We can summarise the difference between the types of subjects that Yolngu malha speakers and English speakers take for their sentences:
Matter which is a bounded and spatially separate object and has a specific set of qualities: for example, those which go to make up canoe-ness.
Yolngu matha subjects
A type of relation between named elements of the world: for example, an on-ness associated with beach.
For an indication of the possible significance of such linguistic differences, we may turn again to Whorf:
The Indo-European languages and many others give great prominence to a type of sentence having two parts, each part built around a class of word-substantives and verbs-which those languages treat differently in grammar ... the contrast has been stated in logic in many different ways: subject and predicate, actor and action, things and relations between things. By these more or less distinct terms we ascribe a semi-fictitious isolation to parts of experience. English terms, like 'sky, hill, swamp,' persuade us to regard some elusive aspect of nature's endless variety as a distinct thing, almost like a table or chair. Thus, English and similar tongues lead us to think of the universe as a collection of rather distinct objects and events corresponding to words... The real question is: What do different languages do, not with these artificially isolated objects but with the flowing face of nature in its motion, color, and changing form; with clouds, beaches, and yonder flight of birds? For, as goes our segmentation of the face of nature, so goes our physics of the Cosmos.
Wharf, 'Languages and logic', in Carroll, pp.240-1
In Yolgnu matha, not only is the 'flowing face of nature' seen in a state of relatedness, but even tables, chairs, and canoes are so pictured. What, then, is the importance of this difference from English? Whorf felt such linguistic variations might ultimately be crucial to the advance of science. He pointed our that the English approach lends itself to classical physics and astronomy, which essentially sees the universe as a collection of detached objects. On the other hand, 20th-century physics with its emphasis on 'the field' and on 'relativity' forms a direct challenge to the ideological underpinnings of English and related languages.
Language is only one of the signing systems being used here. What Sorts of categories might these people have as the subjects of their sentences? Photograph: Oliver Strewe, Wildlight.
Similarly, in modern ecology, relatedness is of the upmost importance. Nature does not draw sharp boundaries around 'swamps' or 'forests', for example. To think of a forest as a separate 'detachable' segment of nature leads politicians to the absurd idea that they can preserve a rainforest by placing a fence around a stand of trees. In an important sense, even a crocodile is not ultimately separable from its environment. If all crocodiles in the Laynhapuy were transported to the Sydney zoo, both the crocodiles and the Laynhapuy would be significantly changed. This is to say that a crocodile in a zoo is not the same creature as a crocodile in the wild. Zoologists who only studied creatures in cages would know very little indeed about their subject.
Ultimately, there is no way of adjudicating which categorisation system is 'more correct' or 'better', though it is possible that particular languages may be better suited to certain specific tasks. Nor can we ever say anything final about how such language categories fit with the 'real' world. As we said earlier, such matters are inscrutable. But as we have also seen, the categories are not ineffable. We can map languages onto each other. The translations may be awkward, but understandings are usually possible based on shared experiences. In other words, we can say something about how categories of one language fit with categories of another, and we can set up criteria for the compatibility of the conceptual systems of languages.

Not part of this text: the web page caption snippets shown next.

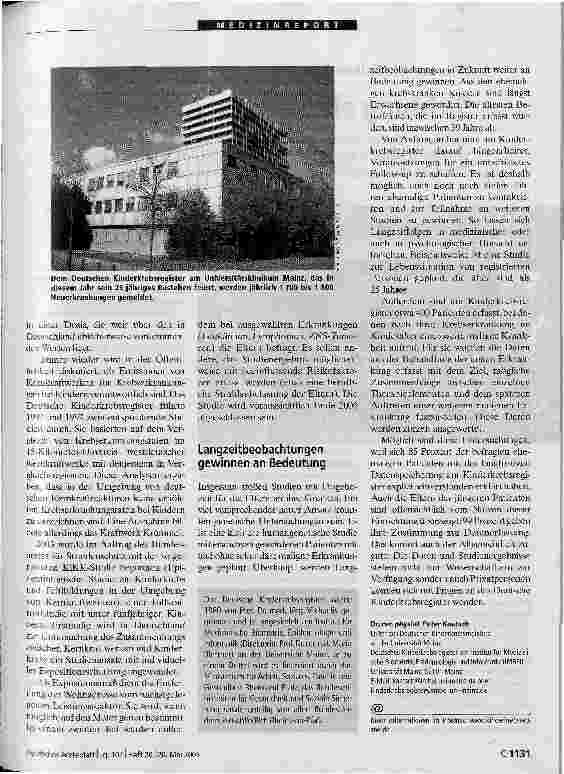 Vorschauseite 2: Deutsches KinderkrebsregisterEine international angesehene Datenquelle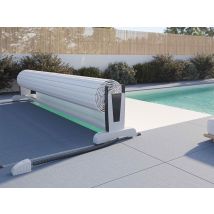 Sofatec - Volet de piscine hors-sol Fidji sur rail 10,00 x 5,00 m Blanc, en PVC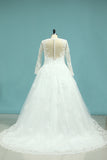 2024 Tulle V Neck Long Sleeves Wedding Dresses A Line With Applique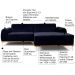 Sofá 4 Lugares Bipartido com Chaise Lado Esquerdo Base de Madeira Euro 255 cm Veludo Azul G15 - Gran Belo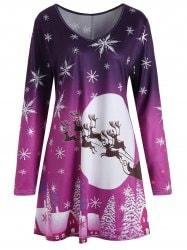 Christmas Snowflake Sled Moon Print Plus Size T Shirt Dress - Purple - 5xl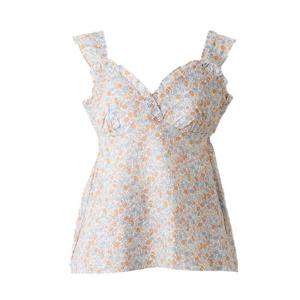 와코루 여성 면 지지미 데이웨어 민소매 상의 잠옷 WDW3801R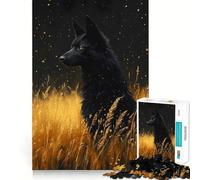 Puzzle da 1000 pezzi Lupo nero in campo dorato Taglio impeccabile Divertente,gioco rompicapo cognitivo,gioco per il tempo libero,regalo artistico di Natale 50x75cm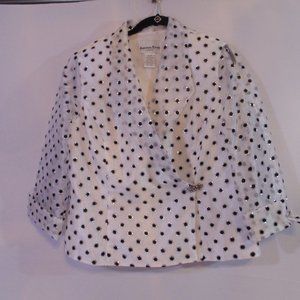 Another Thyme 16 White W/Black polka dots Accent 3/4 Sheer Sleeve  Jacket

To set up such criteria is beyond the scope of our purposes here, bur it is important to look at some of the issues with which such a discussion must deal. For example, what are the practical, as well as the philosophical implications, of finding conceptual systems that are organised differently, as in the canoe example above? A preliminary answer may be that difficulties of communication between the language groups should be expected, but that these may be overcome with care, mutual respect and attention to detail. Furthermore, such differences of conceptual organisation may help explain differences of belief and behaviour with respect to nature. From what we have seen, and will see below, of Aboriginal attitudes to nature, it is no surprise to find in their language grammatical focus on aspects of relatedness within the natural world.
The study of anthropological linguistics adopts a quite different perspective on the problem from that explored above. Rather than examining grammatical categories, this approach analyses the content of the lexicon (or vocabulary). For example, if we are told that the Inuit (Eskimo) have seventeen words for the one English concept 'snow', does this language difference really matter? This case does not mark a significant conceptual difference: rather it marks an instance of carving up nature with a 'rapier' as opposed to a 'blunt instrument'. The Inuit's fine-grained analysis may be taken as an indicator of special and detailed knowledge of the subject, but it indicates no necessary, or even likely, incompatibility between the two languages.